[What you have to do]
If a record holds a picture, please leave the picture out and copy the rest of the record exactly.

[Records to process]
···
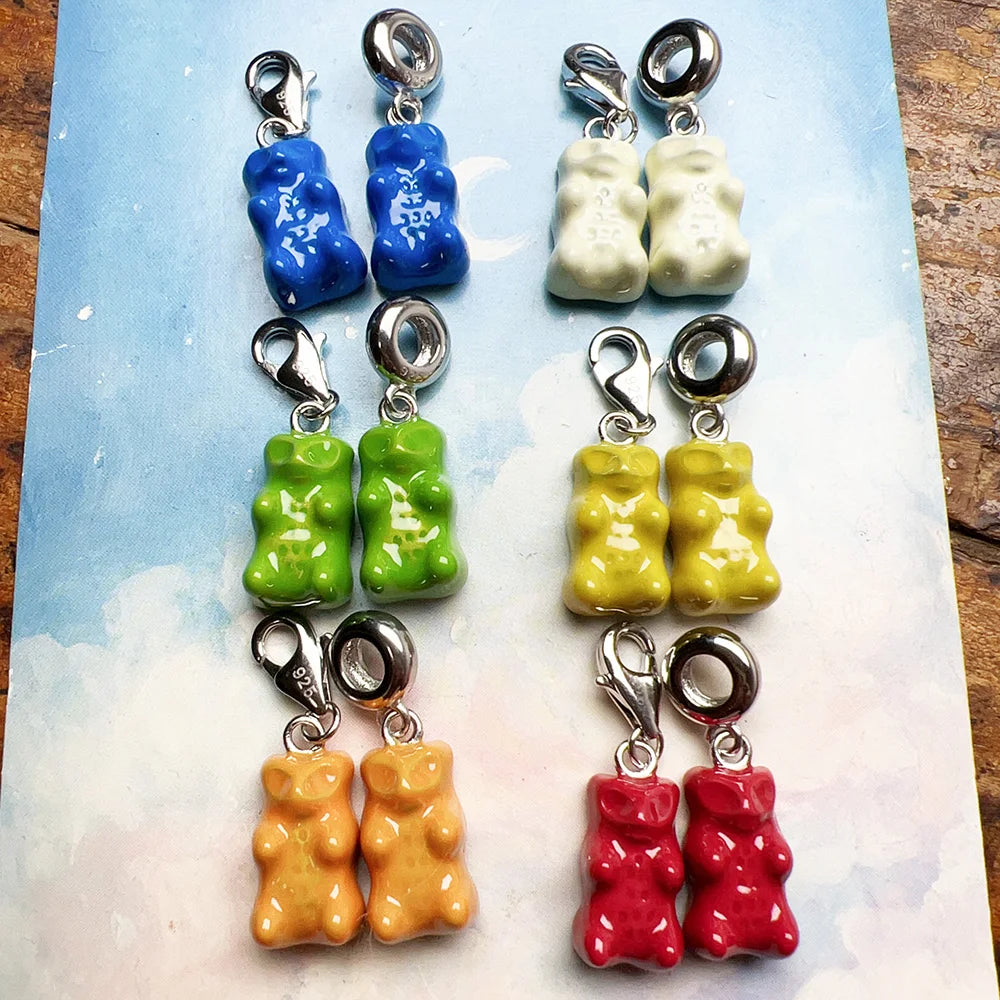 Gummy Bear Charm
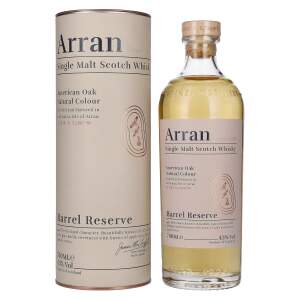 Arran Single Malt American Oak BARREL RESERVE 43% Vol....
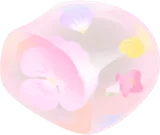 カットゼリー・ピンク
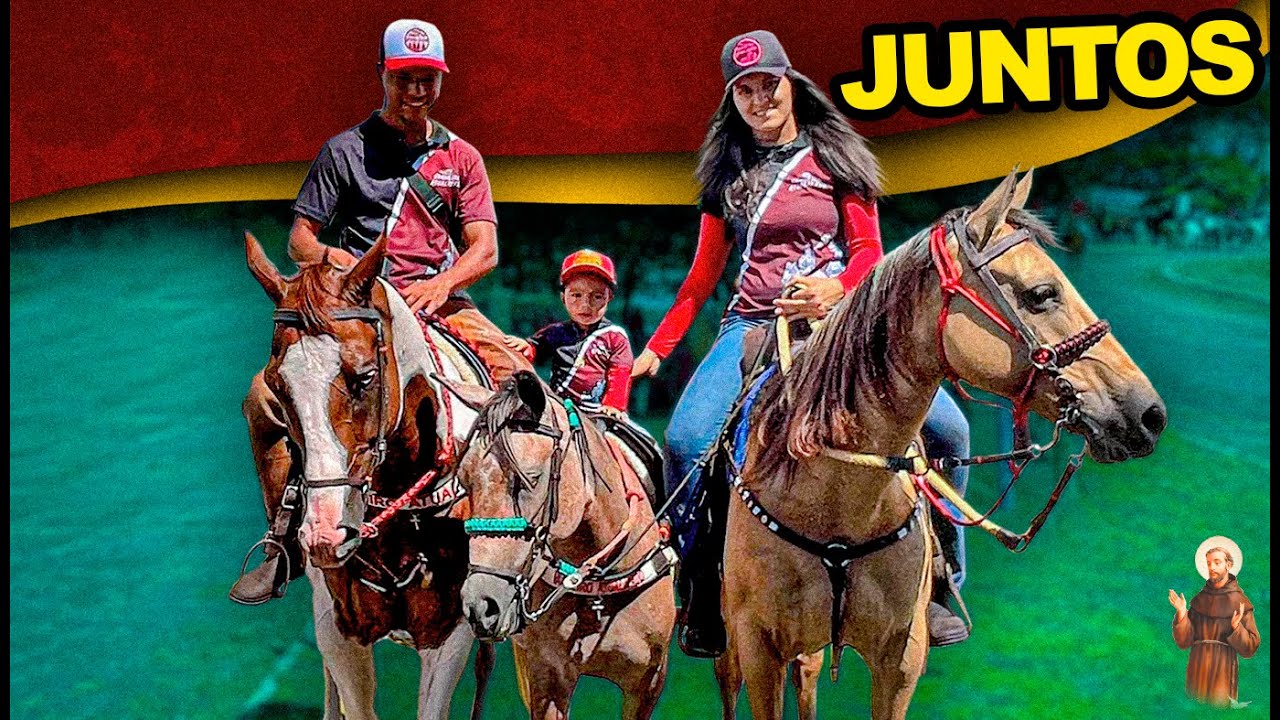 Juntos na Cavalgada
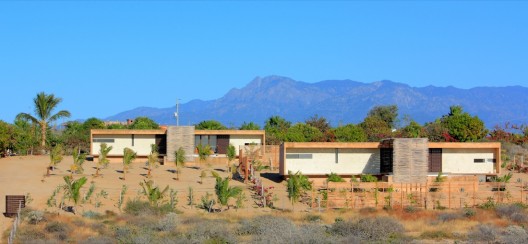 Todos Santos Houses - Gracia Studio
···
[Output of the task]
 Gummy Bear Charm
 Arran Single Malt American Oak BARREL RESERVE 43% Vol....
 カットゼリー・ピンク
 Juntos na Cavalgada
 Todos Santos Houses - Gracia Studio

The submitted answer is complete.